A suggestion can be stale, that means that the current translation is not the same as the original translation the suggestion was made against. For example it might have taken a few days for the translator to get around to checking suggestions, during which time he'd made some search-replaces which modified the original translation.

There are two possible points in time when a stale suggestion can be detected, when the suggestions are displayed on the client, or when the translator tries to accept/modify a suggestion. It would probably be best to try and detect stale translations when they are displayed to the translator, and it's unlikely the translator will ninja-change his translations while reviewing suggestions.

When there is a stale suggestion, the UI should display something like:

Stale Suggestion! Original: So I have heard. 
Current: Heard thus I did. 
Suggested: Thus I have heard. 

The suggestion state would be set to "accepted" if the suggestion is accepted, "rejected" if the current translation is accepted or "accepted_with_modification" if the translator composes a translation different to both the current and suggested translation.

We could also consider simply not reviewing stale suggestions, that is stale suggestions get bounced back to the proofreader.

Proofreader Actions

Just as the translator can review the pending suggestions, the proofreader should be able to review all of their own suggestions, including seeing stale suggestions. They can modify a suggestion regardless of its state, this changes it to pending state (and updates the original_translation if it was stale). Or they can dismiss a suggestion which simply deletes it, again this option is available regardless of its state.

Perhaps the server would automatically remove suggestions which are in an "FYI" state like rejected/accepted_with_modification after a period of time.

sujato commented 4 years ago

I see the issue with the network connection, but I'm not sure that I am fully convinced. Basically I am concerned that we are throwing away all the rich support of Github's handling of errors and merging.

Philosophically, I want to avoid treating Bilara as a full-featured translation app. It shouldn't become Pootle.

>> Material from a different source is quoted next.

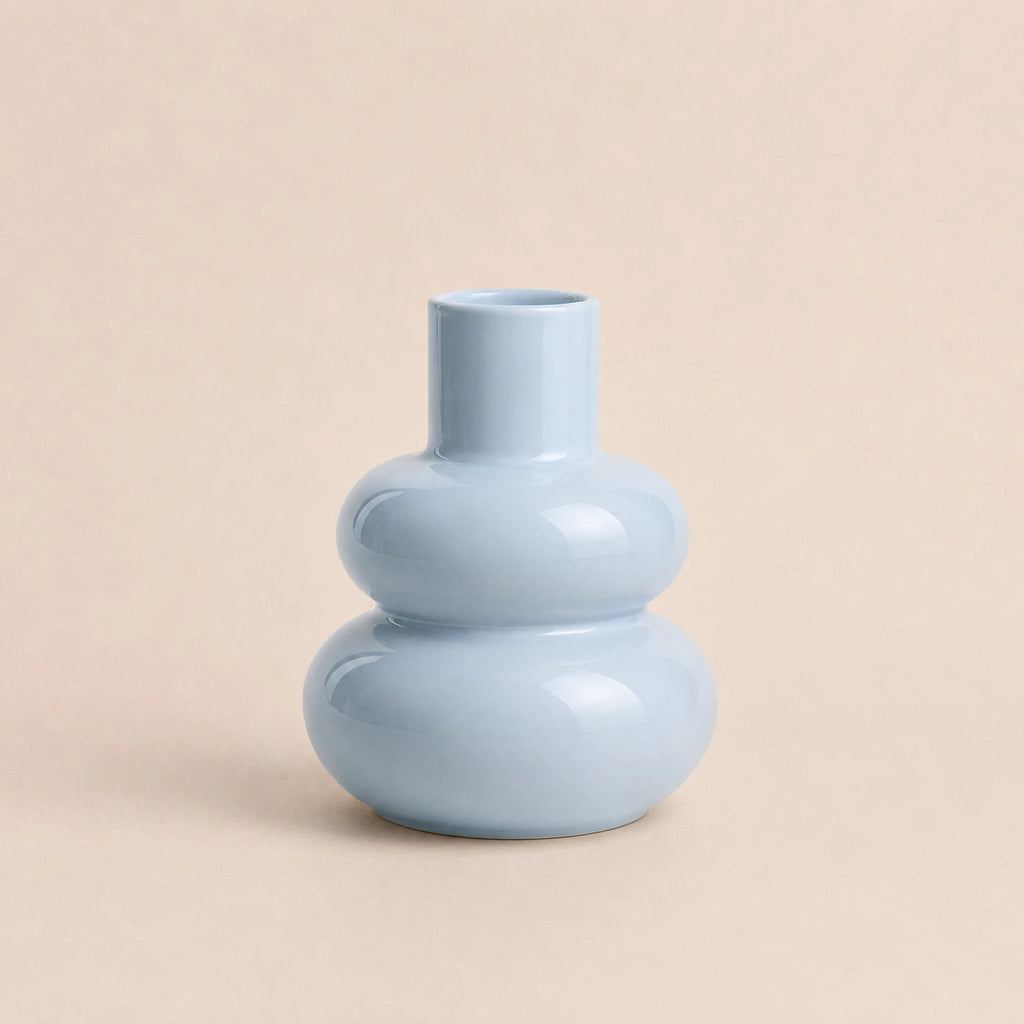 Seroise Bubble Sky Vase - Glazen Vaas Lichtblauw H35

Rather, think of Github as the basic app. Bilara is a bit of GUI grease to make editing translations on Github easier. It should only be used for things that Github doesn't handle well. It's not easy to edit JSON files by hand on Github, so Bilara helps with that. Search is clumsy and used all the time by translators, so we need that.

But handling changes to files, recording the history of them, remembering who did what when, sorting and viewing them in extremely flexible ways: Github is awesome for that.

Okay, so I have three specific problems with your proposal, please correct me if I'm wrong here. Obviously you're the one building the thing, so you decide what mechanism we use. But I want to make sure we meet these requirements.

Visibility of history and other details

I'm not sure exactly what you mean by the "repo" where suggestions.json would live. Where exactly does this JSON file live, and how can I see it? How are changes made to it other than through bilara?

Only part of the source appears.